Kurt-Werner Wichmann - lqet
https://en.wikipedia.org/wiki/Kurt-Werner_Wichmann
======
lqet
From [0]:

> Only seven weeks later, on July 12, 1989, three blueberry collectors
> discovered their bodies. [...] They went to the forester to let the police
> know. On the way, they met a brown-haired, well-built, about 40 years old
> man with a bag on his hand. The Kriminalpolizei assumes that this was the
> perpetrator, who sought exactly on this day and this time more victims in
> the Göhrde.

> On July 12, 1989, the day of the discovery of the second murder, the
> 46-year-old housewife Ingrid Warmbier from Uelzen and a 43-year-old district
> manager [...] drove together to the Göhrde.

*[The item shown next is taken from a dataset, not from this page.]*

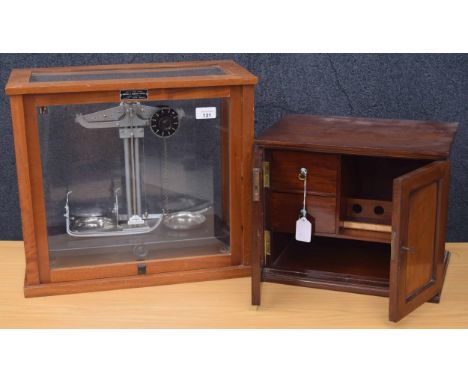 Griffin &amp; George Ltd Laboratory balance scales, under a glazed case 18" wide, 16" high; also a mahogany case for a scient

> Two weeks later, on July 27, 1989, police officers from the requested police
> unit in the context of a nationwide search for clues discovered the victims
> of the second double murder by chance. The date of death could certainly be
> dated July 12, 1989, the day the police began their investigation into the
> location of the first murdered couple. The scene was located 800 meters from
> the site of the first double murder.

Kurt-Werner Wichmann committed a double murder in a remote forest, met the
discoverers of the bodies on their way back to notify the police, and _killed
another couple a few hours later while the police was investigating the
original bodies 800 meters away_.

[0]
[https://en.wikipedia.org/wiki/G%C3%B6hrde_murders](https://en.wikipedia.org/wiki/G%C3%B6hrde_murders)